Il se fait que c’est un domaine dans lequel je travaille en ce moment. J’ai été chercheur officiellement en Intelligence Artificielle de 1987 à 1990 [au sein du projet CONNEX chez British Telecom à Ipswich]. En 1990, le programme sur lequel je travaillais s’est interrompu. J’ai eu l’occasion de raconter ça ailleurs et il se faisait qu’à cette époque-là, il y avait un banquier, M. Jean-François Casanova à la Banque de l’Union Européenne, qui m’avait rencontré déjà à plusieurs reprises à la suite d’émissions que j’avais faites pour France Culture sur le thème de l’Intelligence Artificielle et à la demande de Mme Laure Adler : les « Nuits magnétiques ». 

M. Casanova avait écrit à France Culture. J’avais reçu la lettre. Il m’avait invité à déjeuner plusieurs fois et il m’a proposé de venir travailler avec lui et il s’est fait qu’un jour nous sommes chez Drouant (ce n’est pas pour décerner le prix Goncourt, c’est parce que c’est au bout de la rue où il travaillait et où je travaillerai ensuite : la rue Gaillon à Paris), et je lui dis à ce moment-là : « Voilà, mon programme se termine ». Il dit : « Formidable, maintenant, le moment est venu de venir travailler avec moi ! ». Ce que je fais alors. 

Je travaillerai dans ce domaine-là pendant 18 ans et l’idée, c’est que je vais appliquer les techniques de l’Intelligence Artificielle dans la finance. Et au cours des 18 années où j’ai travaillé dans la finance, je n’ai pas utilisé de techniques d’Intelligence Artificielle. 
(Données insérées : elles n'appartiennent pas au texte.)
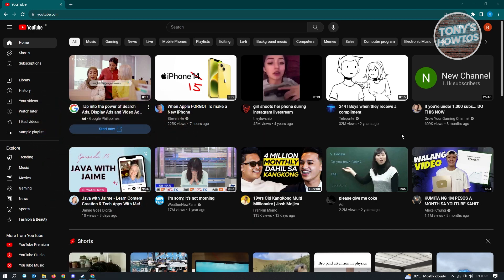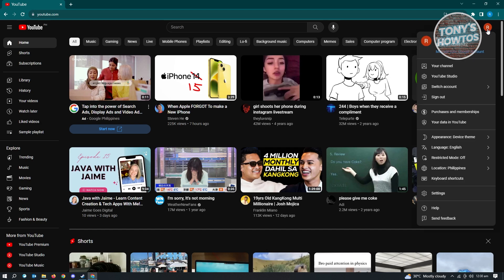The first thing you have to do is go to youtube.com and log in to your account. Now once you've logged in, we want to access YouTube Studio. To access YouTube Studio, go to the top right of your screen — that's where your profile is — and choose YouTube Studio.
En quelques mots, je vais vous dire ce que j’ai fait quand même parce que tout ça, l’idée quand même, c’était de me faire venir pour que j’utilise des techniques pointues pour lancer d’abord des choses qu’on appellera ensuite le High frequency trading : le trading [passage d’ordres] à haute fréquence, ensuite des programmes, voilà, d’attribution automatisée de prêts immobiliers, ce que j’ai fait chez IndyMac en Californie, à Pasadena. Enfin bon, des choses de cet ordre-là.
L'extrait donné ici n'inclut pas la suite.